Automating Propagations with DataHub and DataHub-Tools

The propagating of metadata, tags, and owners outside of a DataHub dataset ingestion can be made easy.

At Notion, data powers our business decision-making and our product itself. Therefore, it is essential for us to (a) understand what data in our warehouse is business critical and (b) ensure our critical data is built off of reliable sources. Without this understanding, we cannot effectively respond to incidents or know where to focus our reliability efforts. This would mean our customers and internal stakeholders would lose faith in our data.

We rely on Acryl Datahub to gain these insights and ensure our critical data is reliable. Datahub is the #1 open-source data catalog for data discovery and modern governance. Acryl’s SaaS product takes DataHub to the next level through automation and emphasis on time-to-value. In this post, we will discuss an integration we have built on top of DataHub to make sure our business-critical datasets are always properly labeled so we are able to respond to incidents with the most up to date information.

The Problem

At Notion, we use a complicated formula that calculates who should own datasets and how these datasets should be triaged should their workflows fail. When we excitedly signed up with Acryl Data we were faced with the challenge of migrating away from our manual processes of tagging and annotating our tables within DataHub. We were able to automate using DataHub’s robust API which solves the problem of managing entities outside of their ingestion. However, we were met with a lot of boilerplate, so we wrote and open-sourced a small Python package that wraps the API’s endpoints.

Let’s look at a simplified example of how we used the package to solve the problem…

Say we have some metadata boolean flags that describe how a dataset is used:

is_exposed_externally
is_used_to_drive_company_metrics

We want to use those flags to decide the right triage priority and owners for a given table.

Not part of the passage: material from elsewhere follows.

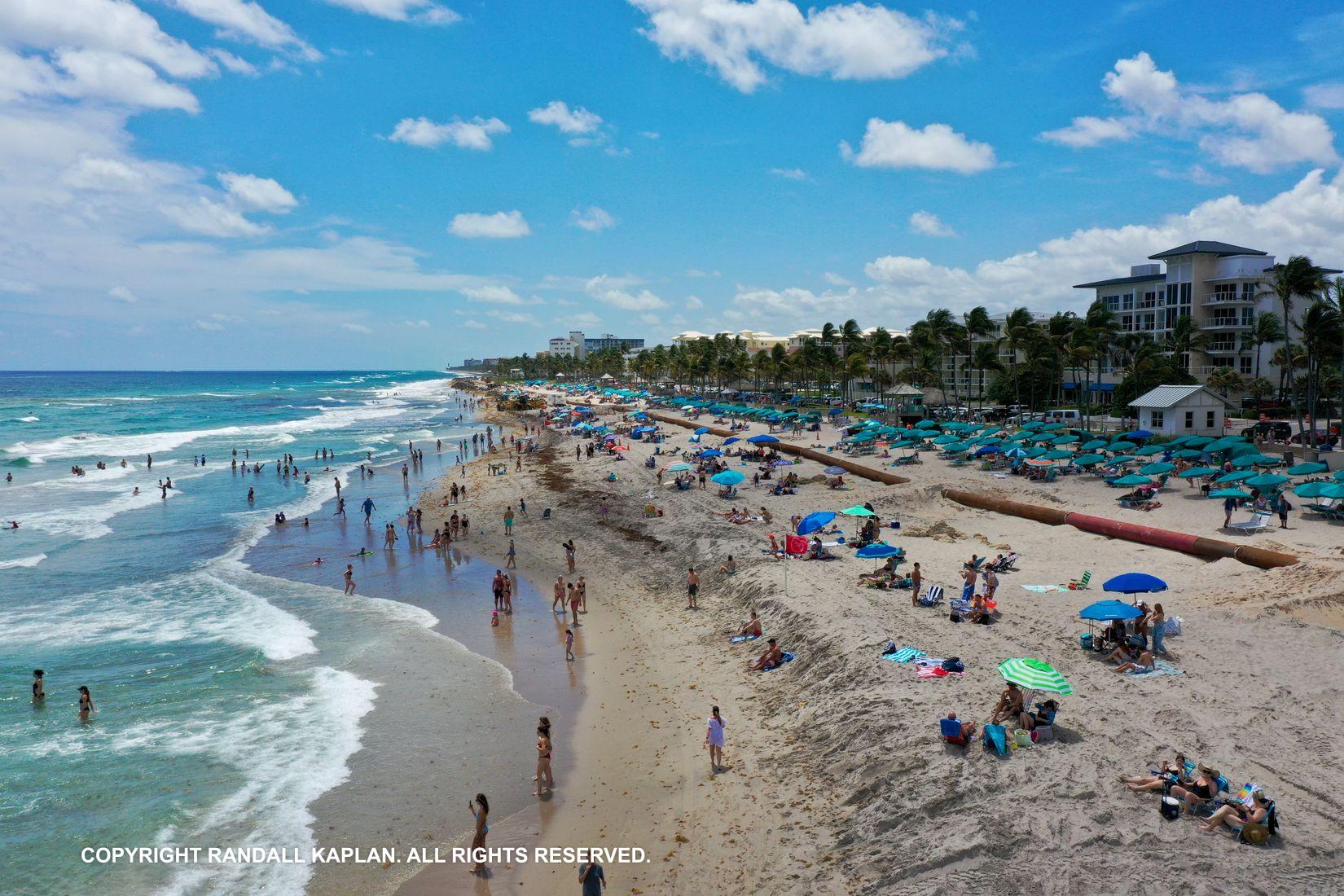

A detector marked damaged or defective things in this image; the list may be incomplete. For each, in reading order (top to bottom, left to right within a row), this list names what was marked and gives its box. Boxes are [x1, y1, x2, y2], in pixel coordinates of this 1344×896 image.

rusty pipe section [645, 411, 908, 483]
rusty pipe section [941, 491, 1295, 566]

If is_exposed_externally is TRUE then assign the highest priority, “P0” and assign the data engineering team as the technical owner
If is_used_to_drive_company_metrics is TRUE then it’s still important, but a bit less critical so “P1” and our best owner would be the data science team.
Otherwise, we’ll give the lowest priority P2, and not assign an owner.

But we also need to consider any downstream tables that have a higher priority so the first step is to propagate metadata by inspecting the lineage. The best place to modify metadata is during ingestion, so we’ll need a transformer to do that work for us.

A full example of how to add a metadata transformer can be found as an example in the datahub-tools repository, but the heart of the work is summarized below.

Part 1: Metadata Propagation

A transformer is a custom class that is called during the ingest of your data into DataHub.

class MyPropertiesResolver(AddDatasetPropertiesResolverBase):

    def get_properties_to_add(self, entity_urn: str) -> dict[str, str]:
        # returns a dictionary of metadata that should be included during
        # ingest for the givent entity_run
        return {}

Steps that we will need to take to fill out this class:

Get our resources (A resource is a table of data generated from SQL and is synonymous with a model or a DataHub dataset entity)
Propagate metadata from downstream resources
Provide a lookup that returns the metadata for a given DataHub entity URN.

We will combine all of these steps into one function that we can call in the constructor of the class.

Get Resources

Our metadata are stored within our DBT resources, so the first step is to fetch them all from a generated manifest.json. (For readers that are not familiar with DBT, the manifest contains all of the information on how to run the SQL for a given table, including all of its dependencies and metadata). Fortunately, the datahub-tools package has a convenient function to do this work for us.

from datahub_tools.dbt import extract_dbt_resources

resources_by_unique_id: dict[str, dict] = extract_dbt_resources(
    manifest_file='/path/to/your/manifest.json'
)

2. Propagate Metadata

Again, the datahub-tools package can help significantly as it offers a convenience function that provides all downstream and upstream resources for a given resource.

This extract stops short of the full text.